Horacio Montemurro

Personal information
- Full name: Horacio Antonio Montemurro
- Date of birth: 13 January 1962 (age 63)
- Place of birth: Buenos Aires, Argentina
- Position(s): Defender

Youth career
- Jorge Newbery
- Argentinos Juniors

Senior career*
- Years: Team / Apps / (Gls)
- 1983–1984: Lamadrid
- 1985–1987: Defensa y Justicia / 37 / (1)

Managerial career
- 2007: Argentinos Juniors (assistant)
- 2007–2008: Newell's Old Boys (assistant)
- 2009: Racing Club (assistant)
- 2010: Tigre (assistant)
- 2011–2012: Quilmes (assistant)
- 2012: San Lorenzo (assistant)
- 2013: Argentinos Juniors (assistant)
- 2014: Quilmes (assistant)
- 2014: Tristán Suárez (assistant)
- 2015: Arsenal de Sarandí (assistant)
- 2015–2016: El Porvenir
- 2017: Sportivo Italiano
- 2018–2019: Lamadrid
- 2020–2021: Delfín (assistant)
- 2020: Delfín (interim)
- 2021: Delfín
- 2022: Huancavilca [es]
- 2023: Chacaritas [es]

= Horacio Montemurro =

Argentine football manager

Horacio Antonio Montemurro (born 13 January 1962) is an Argentine football manager and former player who played as a defender.

==Career==
Born in Buenos Aires, Montemurro played for Jorge Newbery and Argentinos Juniors as a youth.
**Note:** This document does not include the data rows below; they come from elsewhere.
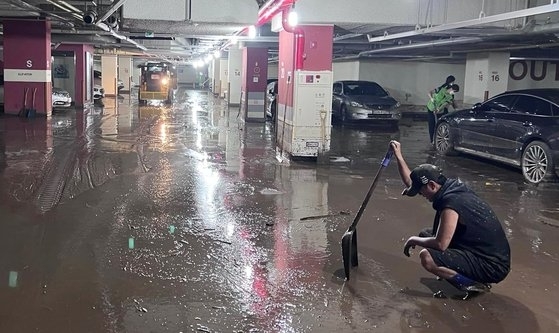 [서울=뉴시스] 조한선 2022.08.15 (사진=이기인 경기도 의원 페이스북) photo@newsis.com *재판매 및 DB 금지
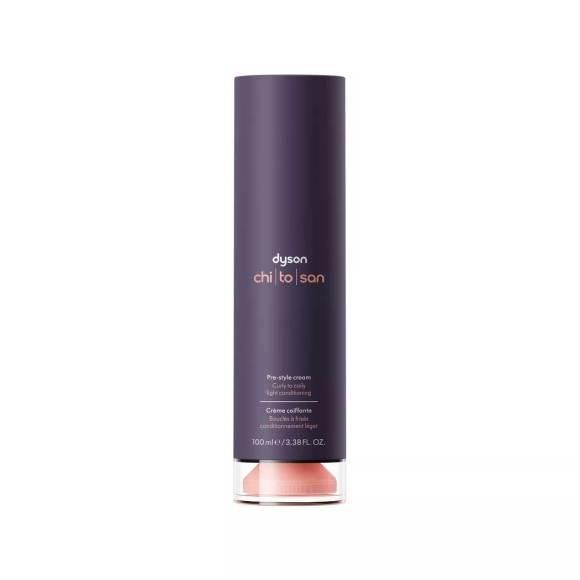 dyson Chitosan - Pre-style Cream (hf03)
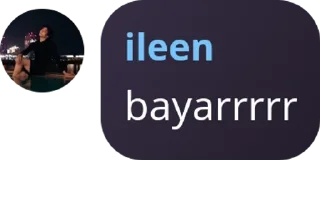 🇮🇩 emoji ileena💞 pack by @QuotLyBot Telegram sticker 17 of 27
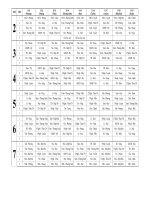 TKB HOC SINH KHOI SANG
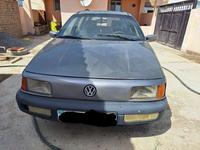 Volkswagen Passat 1992 годаүшін1 200 000 тг. в Шымкент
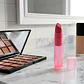 Set 10 Envases Rosa Labial Balsamo Lipstick 5g Semi transparente - Miniatura 8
He made his senior debut with Lamadrid, before moving to Defensa y Justicia in 1985.

After retiring, Montemurro worked as an assistant manager of Ricardo Caruso Lombardi at several teams in his home country before being named manager of El Porvenir on 19 December 2015. He was subsequently in charge of Sportivo Italiano and former team Lamadrid before moving to Ecuador in 2020, after being named assistant of Miguel Ángel Zahzú at Delfín.

On 3 December 2020, Montemurro was appointed interim manager of Delfín, after Zahzú's dismissal. He returned to his previous role after the appointment of Paúl Vélez, but was definitely appointed manager of the team on 4 August 2021, after Vélez was sacked.